ACTIVITY: A word-for-word copy of the data, with no images, is the required answer.

***** INFORMATION

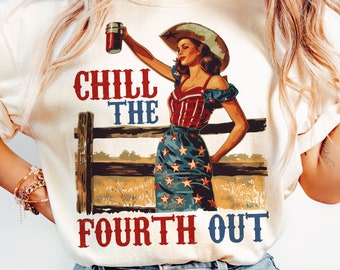 Chill the Fourth Out png, Retro 4th of july png, America png, Independence day png, Fourth of july png, Sublimation Designs, png files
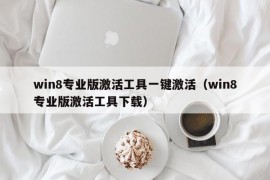 win8专业版激活工具一键激活（win8专业版激活工具下载）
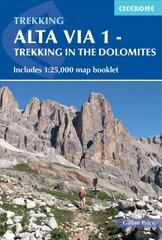 Alta Via 1 - Trekking in the Dolomites: Includes 1:25,000 map booklet 5th Revised edition цена и информация | Путеводители, путешествия | kaup24.ee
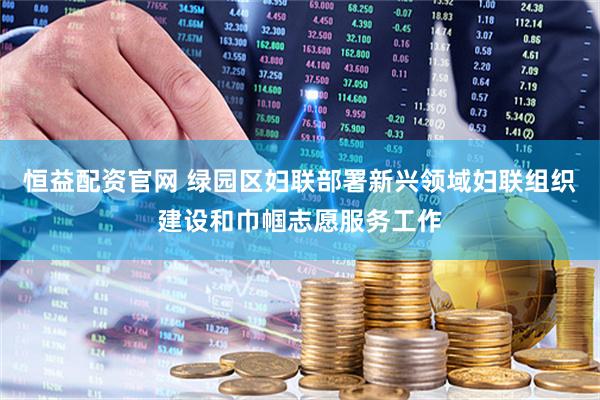 恒益配资官网 绿园区妇联部署新兴领域妇联组织建设和巾帼志愿服务工作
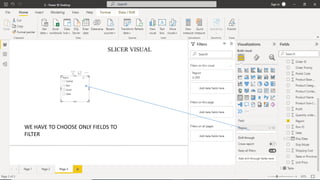 SLICER VISUAL
WE HAVE TO CHOOSE ONLY FIELDS TO
FILTER
 
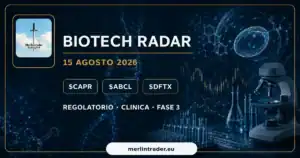 biotech radar 15 agosto 2026 capr abcl dftx Biotech Radar 15 agosto 2026 con CAPR ABCL e DFTX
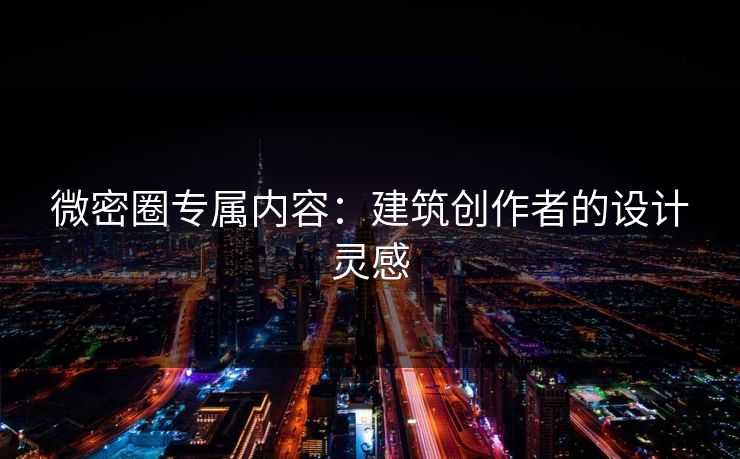 微密圈专属内容：建筑创作者的设计灵感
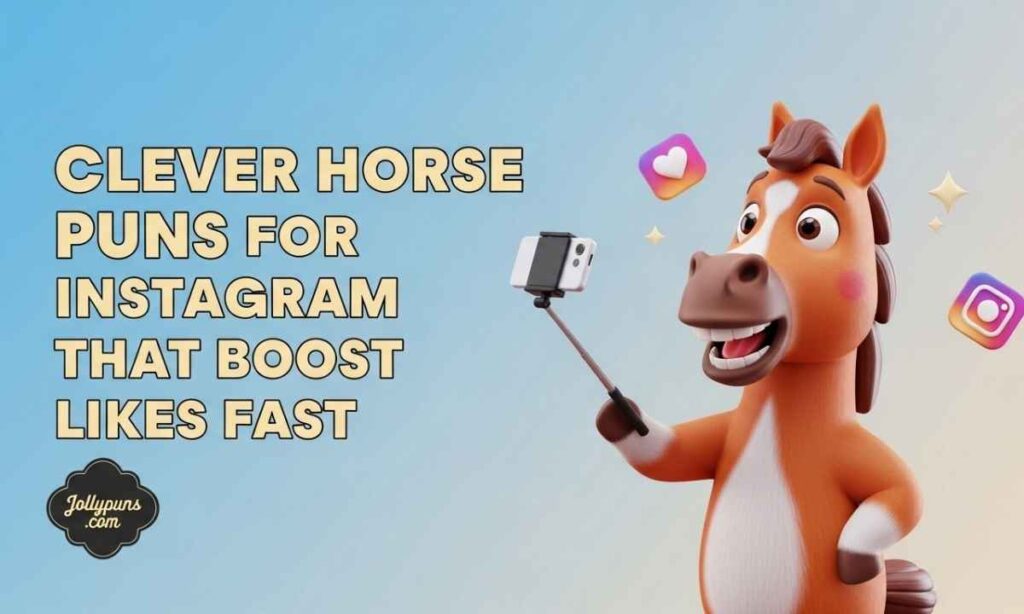 Clever Horse Puns for Instagram That Boost Likes Fast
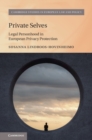 Image for Private Selves: Legal Personhood in European Privacy Protection
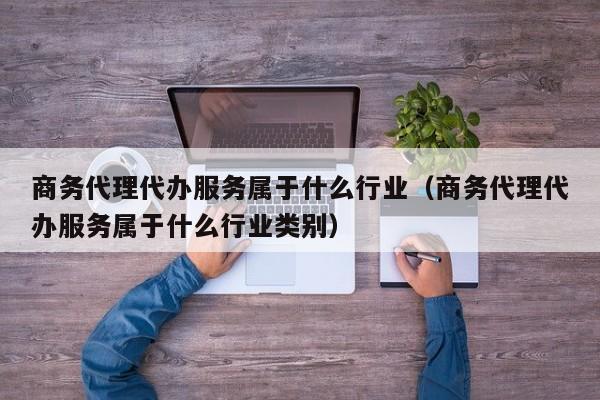 商务代理代办服务属于什么行业（商务代理代办服务属于什么行业类别）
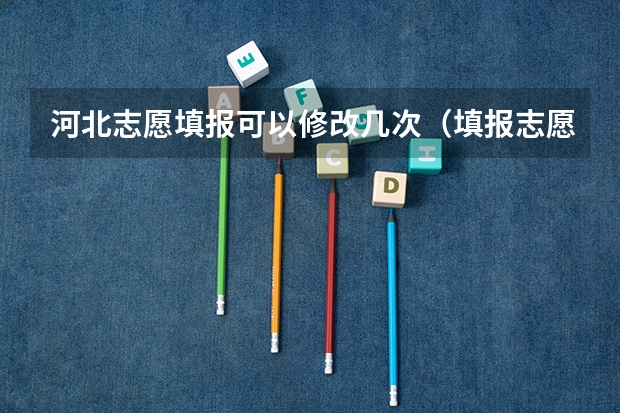 河北志愿填报可以修改几次（填报志愿有几次修改的机会）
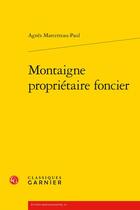 Couverture du livre « Montaigne propriétaire foncier » de Agnes Marcetteau-Paul aux éditions Classiques Garnier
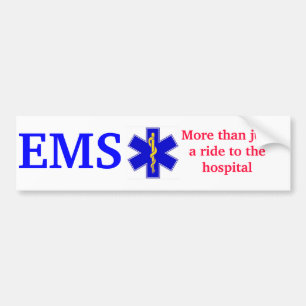 Star-of-life-gold, EMS, More than justa ride to... Bumper Sticker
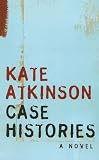 Case Histories: A Novel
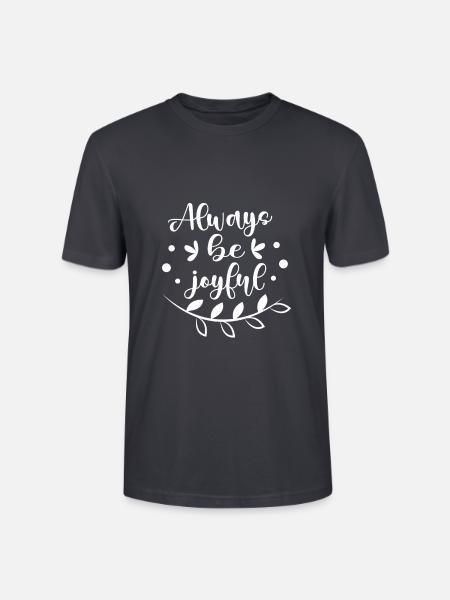 Christliches Design Sei immer fröhlich - Stanley/Stella Unisex Bio-T-Shirt CRAFTER - Dunkles Graublau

**********

ANSWER:
 Chill the Fourth Out png, Retro 4th of july png, America png, Independence day png, Fourth of july png, Sublimation Designs, png files
 win8专业版激活工具一键激活（win8专业版激活工具下载）
 Alta Via 1 - Trekking in the Dolomites: Includes 1:25,000 map booklet 5th Revised edition цена и информация | Путеводители, путешествия | kaup24.ee
 恒益配资官网 绿园区妇联部署新兴领域妇联组织建设和巾帼志愿服务工作
 SLICER VISUAL
WE HAVE TO CHOOSE ONLY FIELDS TO
FILTER
 
 biotech radar 15 agosto 2026 capr abcl dftx Biotech Radar 15 agosto 2026 con CAPR ABCL e DFTX
 微密圈专属内容：建筑创作者的设计灵感
 Clever Horse Puns for Instagram That Boost Likes Fast
 Image for Private Selves: Legal Personhood in European Privacy Protection
 商务代理代办服务属于什么行业（商务代理代办服务属于什么行业类别）
 河北志愿填报可以修改几次（填报志愿有几次修改的机会）
 Couverture du livre « Montaigne propriétaire foncier » de Agnes Marcetteau-Paul aux éditions Classiques Garnier
 Star-of-life-gold, EMS, More than justa ride to... Bumper Sticker
 Case Histories: A Novel
 Christliches Design Sei immer fröhlich - Stanley/Stella Unisex Bio-T-Shirt CRAFTER - Dunkles Graublau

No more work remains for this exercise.